A stock index is simply a grouping of stocks used to measure the performance of a given sector of the stock market. Some examples of broad-market stock indexes are the Dow Jones 30 Industrials, the Standard & Poors 500, the NASDAQ Composite, and the Russell 2000. Each measures a different sector of the overall market (the Dow measures blue chip stocks, the S&P measures the same but on a larger scale, the NASDAQ Composite measures all the stocks on the NASDAQ, and the Russell 2000 measures a group of 2,000 small cap stocks) and, when viewed together, investors get a clear picture of the market's performance.


  • The function of a stock index is to condense the information about dozens of different stocks into one easily understood format. If an investor is curious about how the Internet sector is performing on a given day, he can spend hours researching individual Internet stocks, or he can look up the Dow Jones Internet Composite Index in just a few moments. Likewise, if an investor is considering investing in an international market, he would be well served to track his target country's stock market index for some time before doing so.


  • The various types of stock indexes can be broken into several groups. They are Global indexes, Regional indexes, National indexes, and Equity Indexes. The first three groups measure the performance of stocks in a given geographic area. The last group measures the performance of stocks in a given sector of the market like technology or energy.


  • The bulk of the stock indexes measure stocks outside the United States. Some of the more common international indexes are the FTSE (UK stocks), the DAX (German stocks), the CAC (French stocks), the Nikkei (Japanese stocks), and the Bolsa Index (Mexican stocks). The oldest, and most commonly quoted, global stock index is the MSCI World index. Started in 1969 by Morgan Stanley Capital International (MSCI), this index measures the performance of stocks from 23 different developed nations.

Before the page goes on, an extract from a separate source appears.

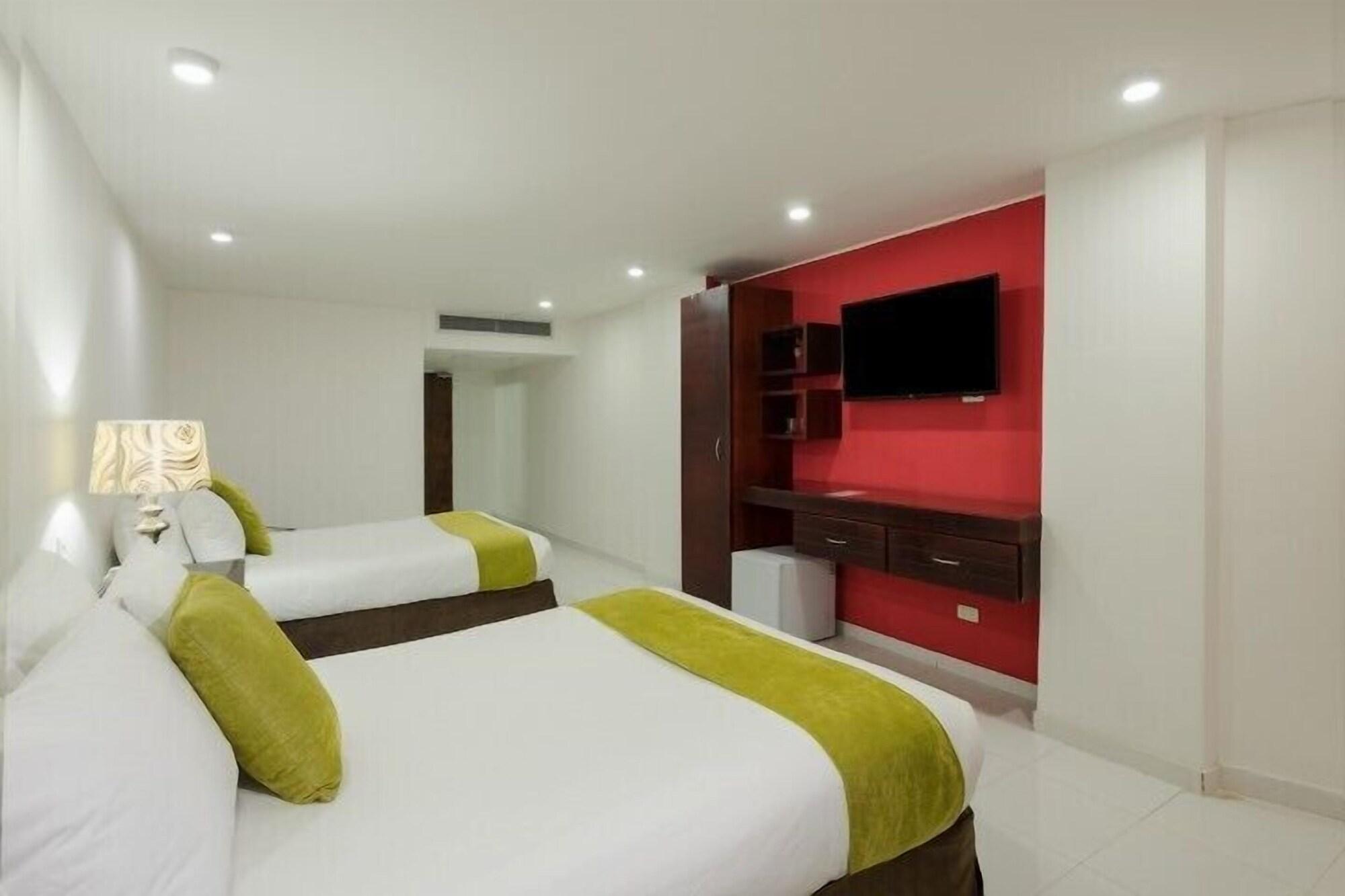 Calypso Beach Hotel San Andres  Exterior photo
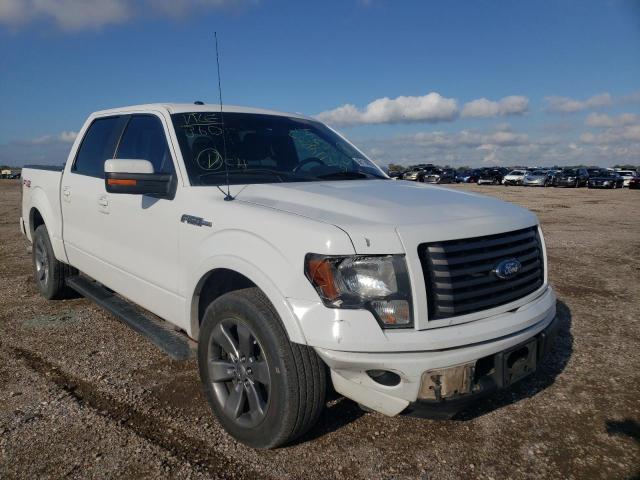 FORD F150 SUPER 2011 1ftfw1cf0bkd96744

  • The effects of the largest and most commonly quoted stock indexes can sometimes be to the benefit or the detriment of unrelated stocks. For example, if the Dow and the S&P are up strongly, sometimes that is enough to raise the prices of stocks unrelated to the index just because the overall market sentiment is positive. Conversely, when the Dow and S&P are down sharply, the indexes often have a negative emotional effect on the overall market and may depress the prices of stocks unrelated to the indexes.

Expert Insight

  • One of the best ways to take advantage of moves in the overall market without having to buy each of the components of a given index is to purchase an index fund. For example, if an investor is satisfied with the annual return of the S&P 500 but doesn't want to purchase 500 different stocks, he can just buy and S&P 500 index mutual fund, or buy an S&P Depository Receipt (AMEX:SPY) that trades like an individual stock.